Riti Pathak (born 1 July 1977) is a member of the Lower House of Parliament in India from Sidhi in Madhya Pradesh who belongs to Bharatiya Janata Party. She was first elected to the Lok Sabha in the 2014 Lok Sabha elections as a candidate of the Bharatiya Janata Party from Sidhi seat of Madhya Pradesh, and won seat by defeating the INC candidate by a margin of 1,08,046 votes. She was re-elected to the 17th Loksabha in 2019. She won the Sidhi seat again by defeating the Congress candidate Shri Ajay Singh by a margin of 2,86,520 votes.

Early life, education, and personal life

Riti Pathak (born Riti Pandey) was born on 1 July 1977 in Village Khatkhari of District Sidhi, Madhya Pradesh (present-day District Singrauli, Madhya Pradesh) to Smt.

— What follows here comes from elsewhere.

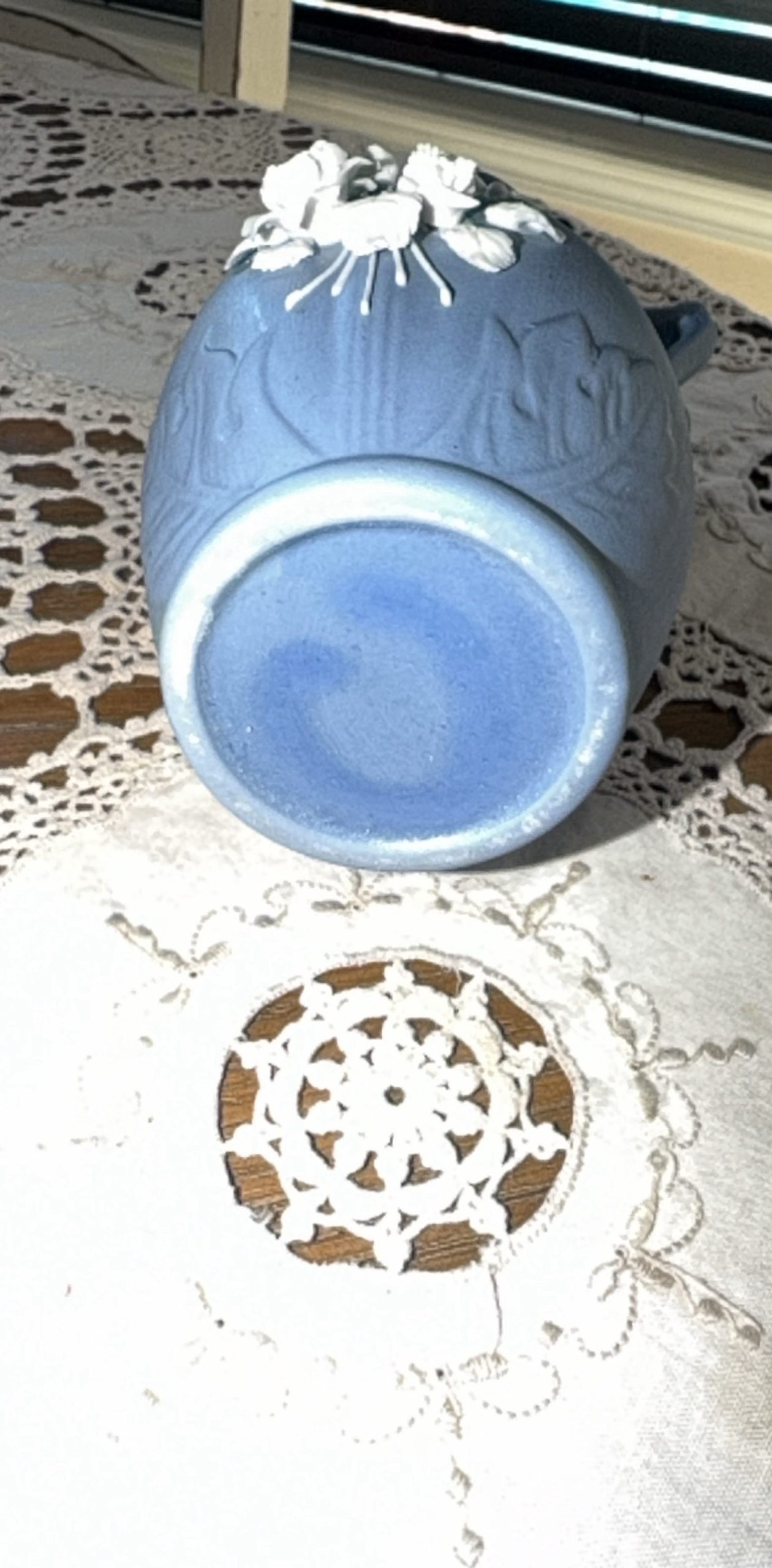 Blue & White 2-Handled Base(Lefton?) image 4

Shyama Pandey (Homemaker) and Shri Ramkaran Dev Pandey (Lawyer).

She was brought up in Rewa. She did her bachelor's degree (BA) in history and Hindi literature followed by master's degree in history (from Girls Degree College, Rewa). Then she completed her graduation in LLB(The Bachelor of Laws).

While in School and college she was also active in co-curricular activities and completed her all three NCC certificates by her graduation. She was Joint Secretary at GDC in 1994-95

In the year 1997, she married Shri Rajneesh Pathak.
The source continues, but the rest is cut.